According to the informal claim doctrine, an informal claim is sufficient to convey jurisdiction on the district court if it is (a) filed within the statutory period, (b) puts the IRS on notice that the taxpayer believes an erroneous tax has been assessed, and (c) describes the tax and year with sufficient particularity to allow the IRS to undertake an investigation. Schlachte v. United States, 2008 WL 3977901, at *5 (N.D. Cal. 2008) (citing PALA, Inc. Employees Profit Sharing Plan & Trust Agreement v. United States, 234 F.3d 873, 876-77 (5th Cir. 2000)). The Ninth Circuit has adopted the majority view requiring that some part of the informal claim be in writing. Yuen v. United States, 825 F.2d 244, 245 (9th Cir. 1987); see, e.g., Wrightsman Petroleum Co. v. United States, 35 F.Supp. 86 (Ct. Cl. 1940); American Radiator & Standard Sanitary Corp. v. United States, 318 F.2d 915 (Ct. Cl. 1963). "No set rules can be elucidated as to what constitutes an adequate informal claim; rather, each case must be determined based on its own unique set of facts." New England Elec. Sys. v. United States, 32 Fed. Cl. 636, 641 (Fed. Cl. 1995); see also Furst v. U. S., 678 F.2d 147, 151 (Ct. Cl. 1982)("The written component must be examined, however, in light of all the facts and circumstances.").
Informal claims are typically recognized only in conjunction with later-filed formal "perfecting" claims. Comm'r of Internal Revenue v. Ewing, 439 F.3d 1009, 1015 (9th Cir. 2006) (quoting Kaffenberger, 314 F.3d at 955); see also Kales, 314 U.S. at 194. The failure to file a subsequent formal claim results in a failure to comply with the administrative exhaustion requirement, because otherwise the Government is not afforded a full opportunity to address the problem administratively. Greene-Thapedi v. United States, 549 F.3d 530, 533 (7th Cir. 2008).
A plaintiff's failure to ultimately file a formal claim deprives the district court of subject matter jurisdiction to hear the lawsuit, and so the suit must be dismissed. See Schlachte, 2008 WL 3977901, at *4 (citations omitted); Martinez v. United States, 595 F.2d 1147, 1148 (9th Cir. 1979)(per curiam).
III. DISCUSSION
The parties agree that Plaintiff did not file a formal claim for tax refund with the IRS prior to filing this lawsuit. (Def.'s Mot., at 4; Pl.'s Opp'n to Def.'s Mot. ("Pl.'s Opp'n")., at 5.) The Government claims that any attempt by Plaintiff to "remedy her failure to exhaust administrative remedies...would be prevented from filing an administrative claim for refund because the statute of limitations to do so has expired under Section 6511(a)." (Def.'s Mot., at 4.) If, however, Plaintiff successfully filed an informal claim within two years of paying the lien, on or before January 21, 2013, Plaintiff may have tolled the statute of limitations. If not, then Plaintiff's suit is time-barred. See 26 U.S.C. § 6511(a).

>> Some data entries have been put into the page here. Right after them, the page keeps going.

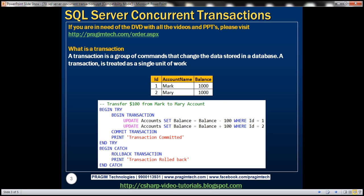Let's understand what a transaction is with an example. This transaction ensures that both update statements succeed, or both of them fail if there is a problem with any one of the update statements. We have the accounts table with two accounts — Mark and Mary — both with a $1,000 balance. We want to transfer $100 from Mark to Mary's account. The first update statement deducts $100 from Mark's account (ID = 1), and the second update statement adds that $100 to Mary's account.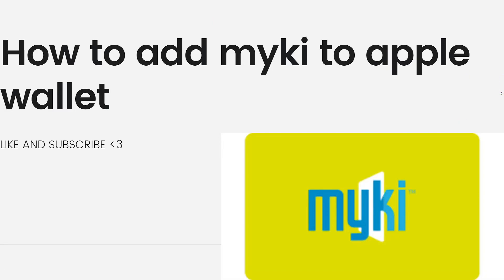Welcome! In this video, I'm going to show you a guide on how to add Myki to Apple Wallet. If you want to know how to do it, just keep on watching.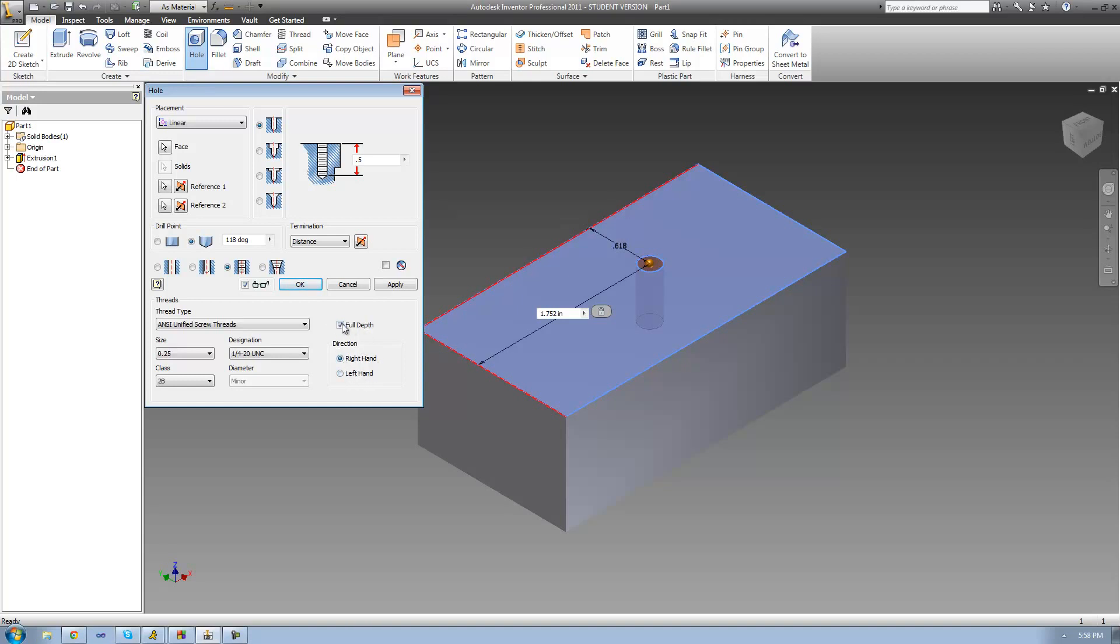And one more thing that we have to look at is this full depth right here. So if you want the threads to go for the full length of your hole, you're going to keep this checked. But let's say you only want the threads to go down a quarter inch. Then you uncheck this and make this value however far down you want those threads to go. So I said we only want it to go down a quarter inch, so we'll just make it 0.25. And then we'll click OK.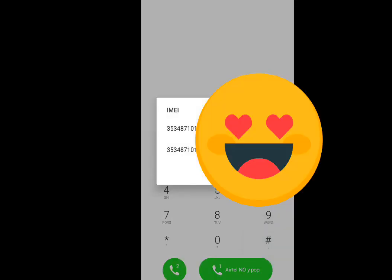Now this is my IMEI number. It displayed both slot one and slot two. As you can see, the IMEI number starts from 35. This shows that this phone is original.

Despite Plaintiff's assertion to the contrary, a suit cannot be maintained if it was filed before the exhaustion of administrative remedies. See 26 U.S.C. § 7422(a).
A. Whether Plaintiff's actions constituted an informal claim
At the hearing, Plaintiff proffered that her application for discharge of the lien and her Tax Court petition constituted informal claims, and were sufficient to exhaust her administrative remedies without any further action. (See also Pl.'s Opp'n, at 4-5.)
1. Application for Certificate of Discharge of Lien
Plaintiff's application for discharge does not meet the requirements of the informal claim doctrine. ("Application for Certificate of Discharge of Property from Federal Tax Lien," Def.'s Reply, Ex. B.) The document merely provided contact information for Mr. Dara and Plaintiff, a description of the property, and the amount of the lien. Id. While it was filed within the statutory period, the application did not include any reason to suggest that the lien was improper, and so "did not fairly apprise the IRS of the basis for [Plaintiff's] claim" nor provide sufficient information for the IRS to undertake an investigation. Anderson v. United States, 220 F. App'x 479, 481 (9th Cir. 2007).
2. Tax Court Petition
On June 15, 2009, Plaintiff filed a petition with the Tax Court requesting "a full refund in the amount of $9970.60 which [Plaintiff] was forced to pay in order to enable the sale of [her] home to prevent foreclosure....The tax lien is not the responsibility of the petitioner, but of her ex-spouse, Abdy Dara." (Pl.'s Opp'n, Ex. 5.) Section 7422 requires that any administrative claim for refund be filed with the IRS. 26 U.S.C. § 7422(a). Federal courts have, however, held that petitions with the Tax Court may constitute an informal claim sufficient to put the IRS on notice. See Greene-Thapedi v. United States, 549 F.3d 530, 533 (7th Cir. 2008).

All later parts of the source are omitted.